Why?  Because most of their reading experience was novels, and movies from novels. That was the natural length they thought of. So their imaginations sprawled through a Harry Potter size mega-tome, multi volume, a complete world of wizards, kingdoms, battles, dragons and so forth was the most common result.

 

But you know what they didn’t know?

  1. They didn’t know how to END their stories.
  2. Because of that, they couldn’t extract the MEANING from their story, the dominant emotion.
  3.  Without this, their rewrite efforts remained on the surface level: event, event, event…clever dialogue, cute twist, nice turn of phrase.    And nothing under the surface.
  4. They rarely trusted their own hearts.  Did not see that they had experience and emotions that were precious, and integrating them into their stories would have raised their quality INSTANTLY.

 

All of that is what happens in the rewrite. The first draft is like a “sprint.”    Imagine packing for a camping trip.  You have a backpack, and that’s it.   Better make it a short trip!

 

Someone planning to spend a year in the woods better know how to build a permanent shelter, hunt and gather, provide their own medical care, and have emotional defenses against loneliness, fatigue, and strain.   This is a MUCH larger set of skills than packing a PB&J, a sleeping bag, a bottle of water and camping out in the backyard.

 

That’s all a short story is: you are working WITHIN the skills you already have, so that you can gain new skills.

 

###

 

The kids didn’t understand that, thought they had to create these huge stories. And at the end of the semester, some of them still hadn’t learned…but most of them had.  MOST of them were able to focus down to a 5-10 page chunk (a story is about a moment when someone changes.  Novels can contain dozens of these points.   Every chapter contains moments that can be extracted and rounded to create a short work.) THEN we were able to take them through the different levels:

 

  1. Spelling and grammar (we didn’t mess with this.  Not my job)
  2. Structure of paragraphs and essays
  3. Structure of drama (the Hero’s Journey is always my go-to, but we start with “Who is the hero, what do they want, what’s in the way?”)
  4. The climax: what is the Big Scene you are writing toward?
  5. What is the dominant emotion?  Often this relates to genre.  An action story’s primary emotion is excitement.  A horror story’s primary emotion is fear. And so on.
  6. How do you rewrite the earlier scenes to maximize the emotion felt when the reader puts the story down?
  7. And most importantly: what is the PROCESS by which you created the story?  Every day’s work should be about the PROCESS as well as the story, which is “merely” “Product.”   Unimportant compared to the overall arc of your career.
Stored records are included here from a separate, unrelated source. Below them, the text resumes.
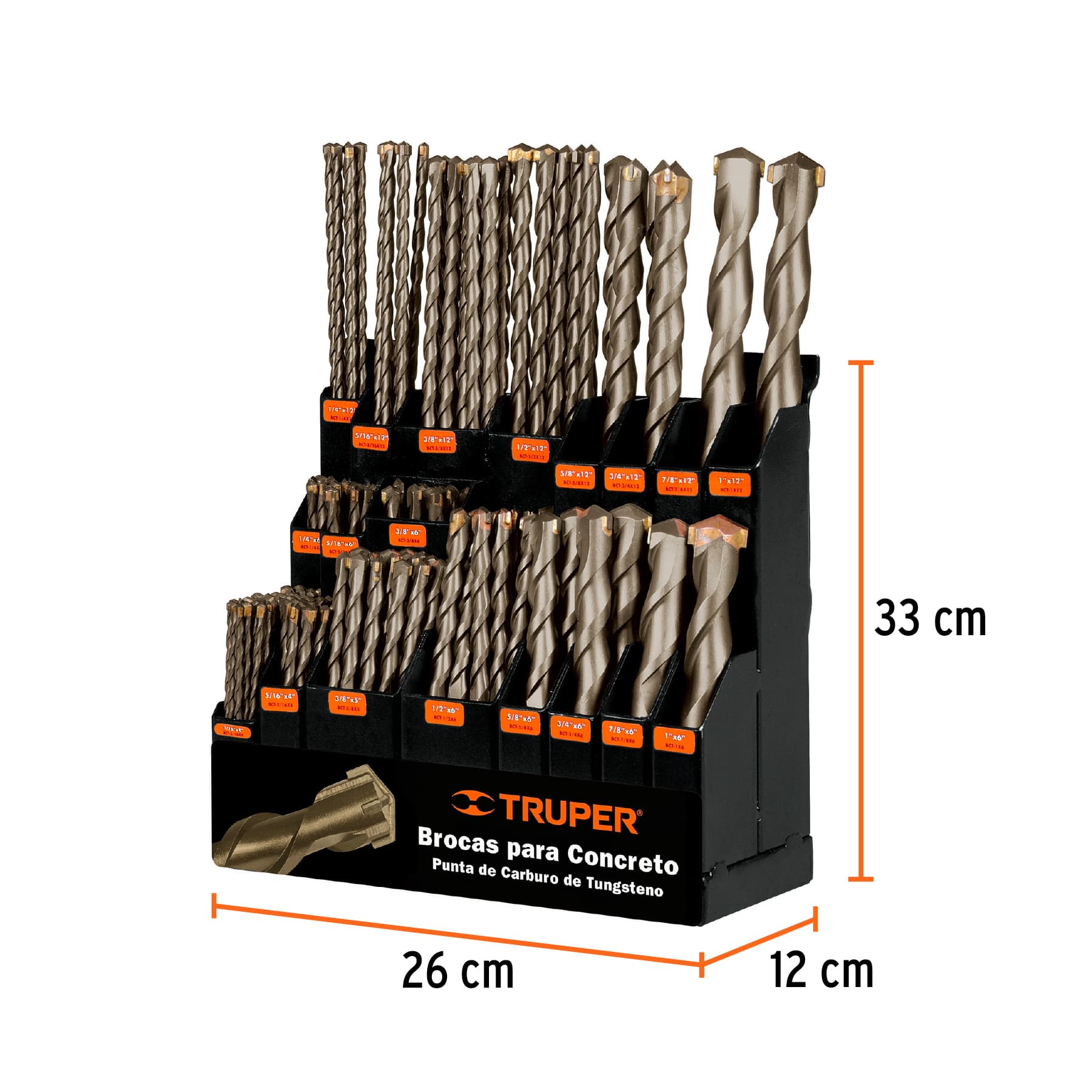 Exhibidor despachador con brocas para concreto, Truper, 50352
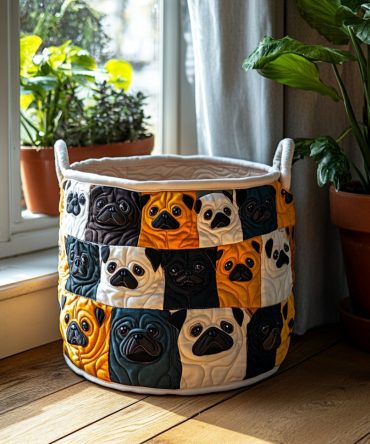 Pug Charm Quilted Pet-Print Laundry Hamper – Cute Dog Pattern Storage Bin, Foldable Washable Fabric Hamper With Strong Handles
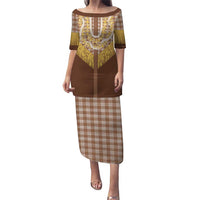 Aloha Hawaii Cowboy Custome Puletasi Puakenikeni Lei Palaka Tassel Style - Polynesian Pride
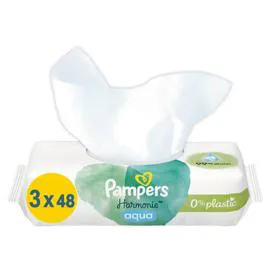PAMPERS Lingettes pour bébé Harmonie Aqua 3x48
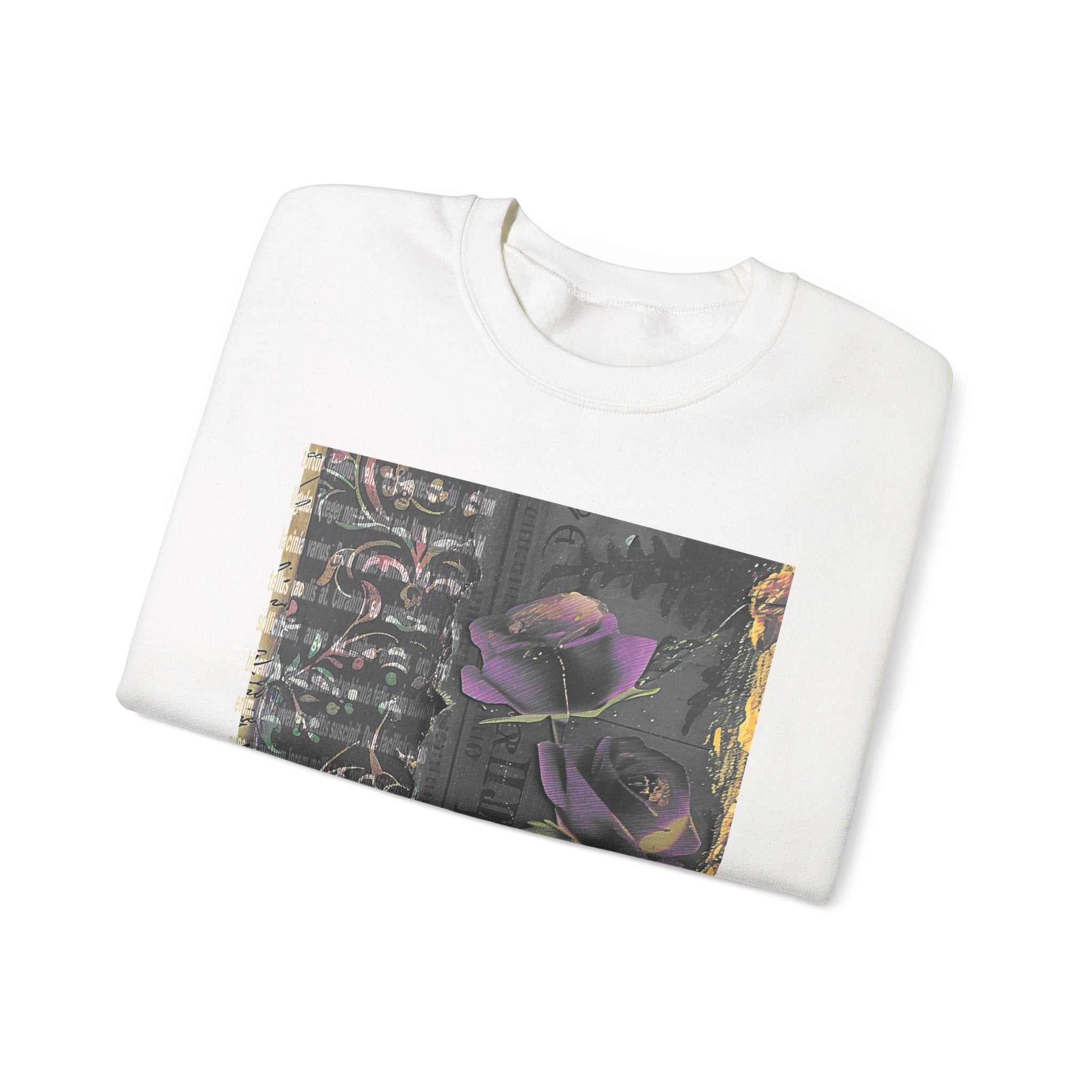 Crewneck Sweatshirt — Vintage Botanical Collage with Purple Roses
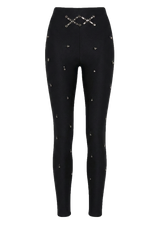 Black Argyle Embroidery Tights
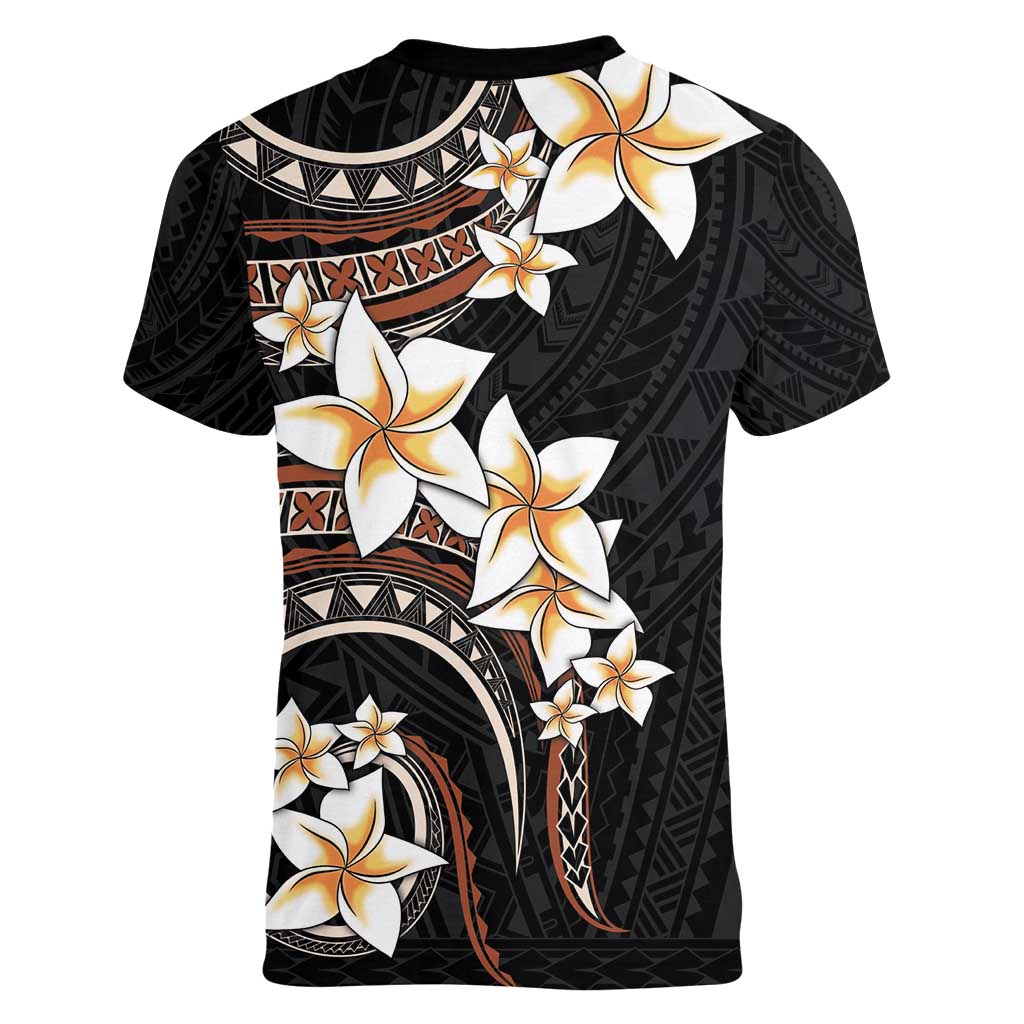 Vintage Plumeria Pacific Floral Women V-Neck T-Shirt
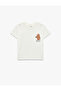 Dog Printed Cotton Ecru Baby Boy T-Shirt 6Smb10170Tk - 4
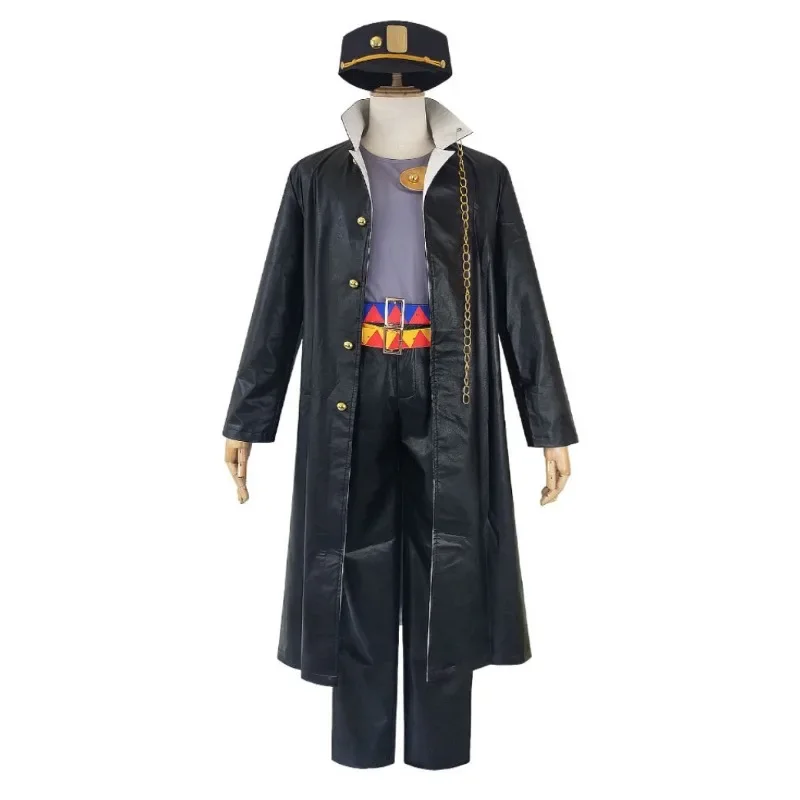 

Anime JoJo's Bizarre Adventur Cosplay Costume Kujo Jotaro Clothes Stardust Crusaders Black Cloak Cos For Men Women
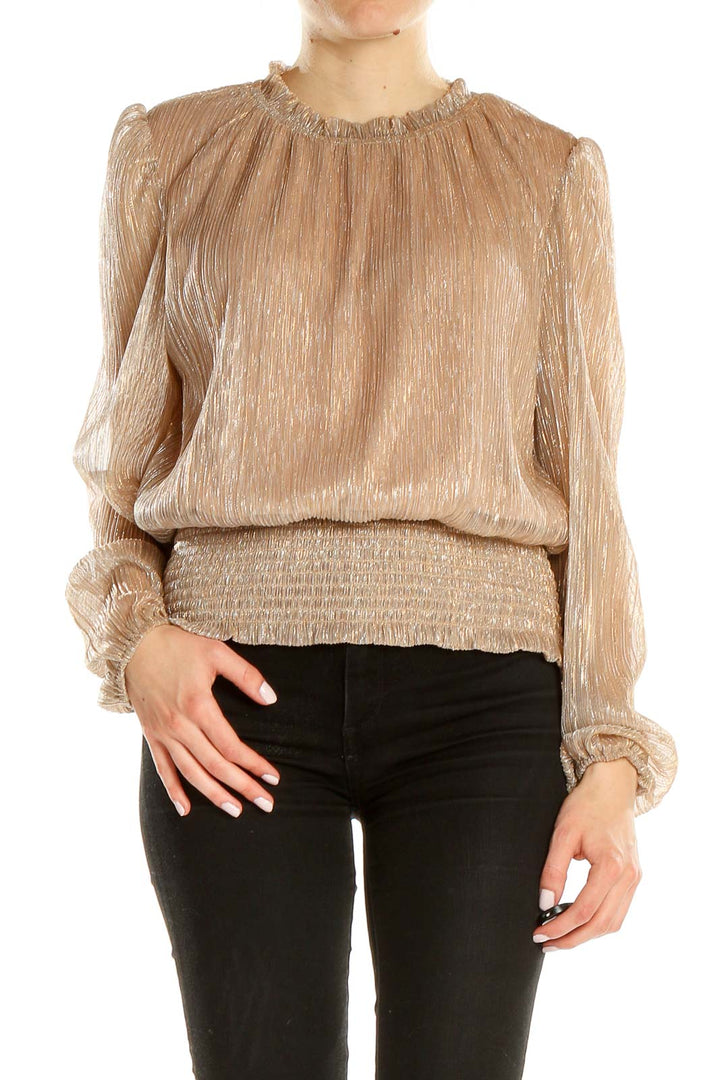 Beige Shimmer Holiday Blouse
A single step, not the journey.

 

 

 

Watching the light go on in their eyes as they realized that a story could fail without it meaning a damned long-term thing was wonderful.

 

They had permission to fail.   Permission to experiment.  Permission to openly copy the style and stories of the writers they loved.

 

We would lecture at the beginning, and then let them work and help each other and share.  And once they really got the basics they were off and running.

 

They have been so bright, so happy, so eager. Unlike adults, most of them were “empty cups” who saw in us a bridge to a previously unattainable goal; being real, published writers.  We’re going to actually publish a club anthology, and give each of them a way to make money selling it to friends and family, as well as pay them five bucks each.

 

They will be paid, published writers. All that remains is getting better, continuing the work.

 

What is mastery?  A verb, not a noun. A vector, not a position. And once you have the basics of your craft at Unconscious Competence, and have committed to “the work”, you are as much a master as anyone else on the path, although some of them are horizons beyond you, or seem to have Seven League Boots.

 

We showed them the path. And now they know that we are not magic, except in the “any sufficiently advanced technology is indistinguishable from magic” sense.

 

We are the same, walking the same path. T and I are just a couple of horizons different, describing the territory and handing out maps.

 

THEY have to do the work, and there is a lifetime to do. But really…that’s all there is. The work. Chop wood, carry water.  Just do it.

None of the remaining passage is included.